--- Information supplied ---
######
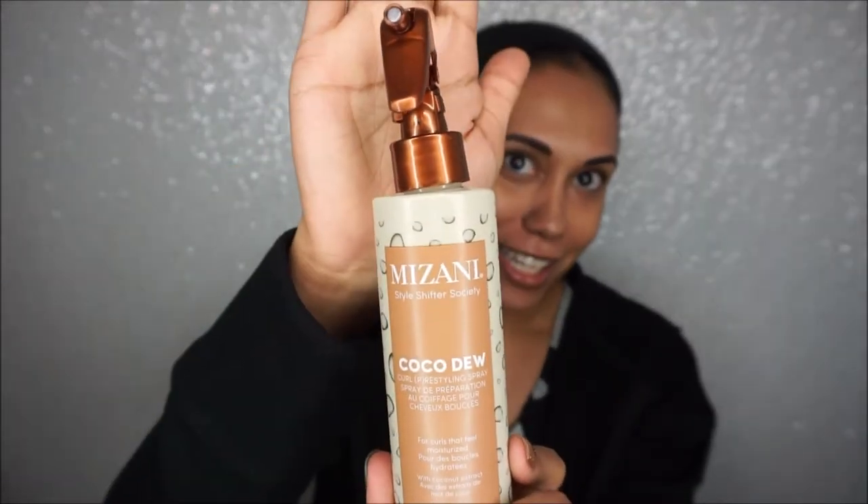First of all, this one is kind of messed up a little bit. The Coco Dew retails for $22, but I see it's around $12 at JCPenney if you have one where you live. It's also on sale like the other one — 6.8 fluid ounces. I smelled it and I don't know what happened, but I did not like that smell at all.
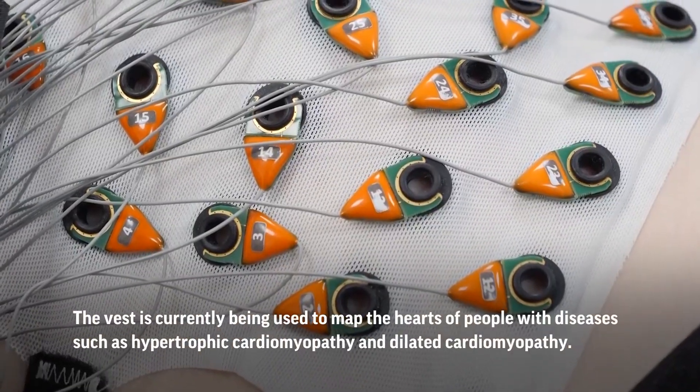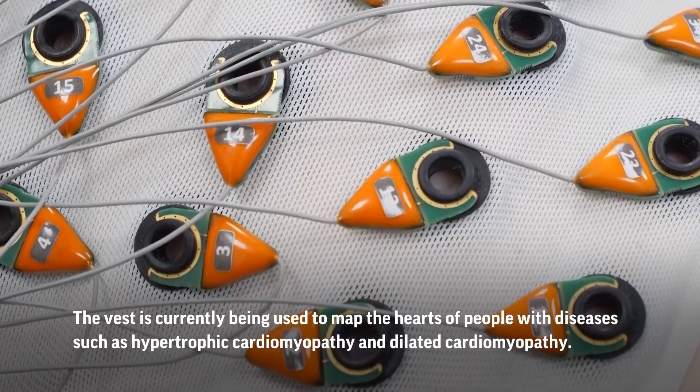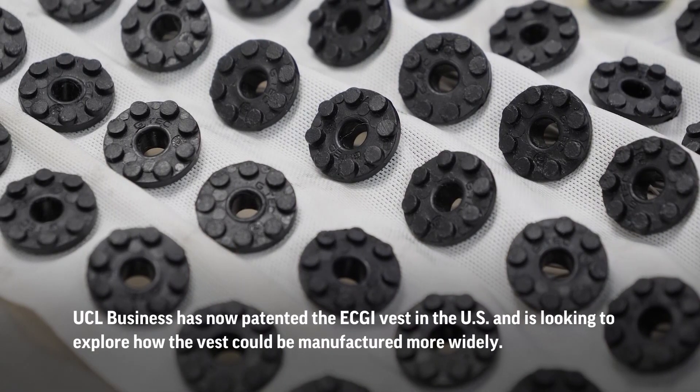And these here are the gold electrode clips, which then connect to the device. As I mentioned before, we can then marry up the electrical activity and the functional activity of the heart.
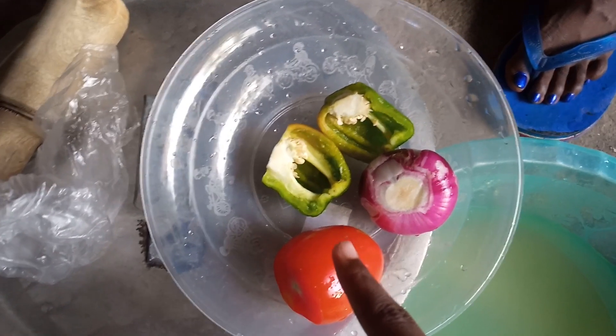Then you add in some lemon. I used the same container that had the tamarind, that's why the lemon juice looks like that. Then you stir and let it simmer for about 10 minutes. Final results — yummy!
######
--- What you need to do ---
Output all the material exactly. The pictures are to be left out.

--- Solution below ---
First of all, this one is kind of messed up a little bit. The Coco Dew retails for $22, but I see it's around $12 at JCPenney if you have one where you live. It's also on sale like the other one — 6.8 fluid ounces. I smelled it and I don't know what happened, but I did not like that smell at all.
And these here are the gold electrode clips, which then connect to the device. As I mentioned before, we can then marry up the electrical activity and the functional activity of the heart.
Then you add in some lemon. I used the same container that had the tamarind, that's why the lemon juice looks like that. Then you stir and let it simmer for about 10 minutes. Final results — yummy!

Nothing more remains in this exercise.